In [1]:
%pylab inline


Populating the interactive namespace from numpy and matplotlib

In [2]:
import nltk
from tethne.readers import zotero
import pandas as pd
import matplotlib.pyplot as plt

# I moved our normalization and filtering functions into
#  an external module. If you want to change these functions,
#  you an either redefine them in this notebook or modify
#  them in the file helpers.py.
from helpers import normalize_token, filter_token

1.2. Change over time

In computational humanities, we are often interested in whether and how phenomena change over time. In this notebook we will perform a simple time-series analysis of tokens in our corpus. This will get us moving toward analyizing more complex temporal trends.

Load corpus and metadata

Just as we did in the last notebook, we'll load our texts and metadata.


In [3]:
text_root = '../data/EmbryoProjectTexts/files'
zotero_export_path = '../data/EmbryoProjectTexts'

documents = nltk.corpus.PlaintextCorpusReader(text_root, 'https.+')
metadata = zotero.read(zotero_export_path, index_by='link', follow_links=False)
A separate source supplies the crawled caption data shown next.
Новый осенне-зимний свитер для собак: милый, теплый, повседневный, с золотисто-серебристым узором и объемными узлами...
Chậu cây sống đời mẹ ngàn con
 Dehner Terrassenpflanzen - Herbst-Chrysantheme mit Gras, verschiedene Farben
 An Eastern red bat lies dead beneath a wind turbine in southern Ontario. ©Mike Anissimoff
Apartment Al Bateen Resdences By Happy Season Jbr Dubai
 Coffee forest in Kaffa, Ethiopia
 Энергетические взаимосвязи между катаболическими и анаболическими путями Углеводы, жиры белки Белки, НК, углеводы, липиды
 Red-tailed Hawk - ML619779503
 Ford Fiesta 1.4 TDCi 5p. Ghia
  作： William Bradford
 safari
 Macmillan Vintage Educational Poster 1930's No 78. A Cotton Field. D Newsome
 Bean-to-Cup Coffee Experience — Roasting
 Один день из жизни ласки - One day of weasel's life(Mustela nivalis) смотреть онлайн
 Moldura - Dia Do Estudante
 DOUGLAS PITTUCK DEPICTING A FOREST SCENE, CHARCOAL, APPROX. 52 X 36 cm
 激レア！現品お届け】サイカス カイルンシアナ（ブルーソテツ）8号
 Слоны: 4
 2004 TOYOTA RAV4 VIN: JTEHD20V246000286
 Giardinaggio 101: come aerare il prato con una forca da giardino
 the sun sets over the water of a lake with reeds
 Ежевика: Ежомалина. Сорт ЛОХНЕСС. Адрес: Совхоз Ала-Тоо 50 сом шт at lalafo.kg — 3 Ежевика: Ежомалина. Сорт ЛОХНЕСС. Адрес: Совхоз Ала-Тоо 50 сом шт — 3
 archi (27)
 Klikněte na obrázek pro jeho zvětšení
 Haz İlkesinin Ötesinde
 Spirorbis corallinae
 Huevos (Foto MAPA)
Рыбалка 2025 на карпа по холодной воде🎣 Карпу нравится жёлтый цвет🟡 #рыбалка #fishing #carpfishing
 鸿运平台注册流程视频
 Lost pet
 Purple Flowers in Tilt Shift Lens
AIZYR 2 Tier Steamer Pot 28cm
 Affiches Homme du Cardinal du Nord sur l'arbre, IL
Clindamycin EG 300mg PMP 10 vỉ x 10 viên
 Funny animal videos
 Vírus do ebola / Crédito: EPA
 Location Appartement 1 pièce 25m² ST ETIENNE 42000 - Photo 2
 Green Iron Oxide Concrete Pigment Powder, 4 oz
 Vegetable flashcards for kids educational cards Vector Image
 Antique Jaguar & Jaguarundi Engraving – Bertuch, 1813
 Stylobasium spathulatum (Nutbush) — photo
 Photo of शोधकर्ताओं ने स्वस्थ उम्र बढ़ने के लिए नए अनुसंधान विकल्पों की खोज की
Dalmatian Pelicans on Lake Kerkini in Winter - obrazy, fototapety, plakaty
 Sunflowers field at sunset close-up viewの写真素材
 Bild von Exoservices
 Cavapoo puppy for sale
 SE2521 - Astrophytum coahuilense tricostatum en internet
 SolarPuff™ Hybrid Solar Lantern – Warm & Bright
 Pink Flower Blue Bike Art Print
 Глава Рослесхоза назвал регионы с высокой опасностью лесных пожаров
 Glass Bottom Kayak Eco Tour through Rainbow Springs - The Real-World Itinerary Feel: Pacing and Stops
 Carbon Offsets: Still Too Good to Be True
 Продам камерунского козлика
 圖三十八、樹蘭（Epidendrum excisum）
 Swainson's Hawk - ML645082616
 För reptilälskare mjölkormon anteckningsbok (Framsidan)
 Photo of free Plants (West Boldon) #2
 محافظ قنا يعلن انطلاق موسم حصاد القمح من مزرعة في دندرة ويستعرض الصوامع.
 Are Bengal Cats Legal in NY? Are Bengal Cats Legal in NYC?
Has the prevalence of a token increased or decreased over time?

In the last notebook, we looked at the distribution (frequency) of tokens over time. It is one thing to make a pretty figure; it is another to say with some degree of confidence that a token is becoming more or less prevalent over time.

The simplest approach to this problem is a linear regression model:

$Y_i = \beta_0 + \beta X_i + \epsilon_i$

where $Y$ is the response variable (frequency of a token), $X$ is the predictor variable (publication date), $\beta$ is the regression coefficient, and $\epsilon_i$ is the error for observation $i$.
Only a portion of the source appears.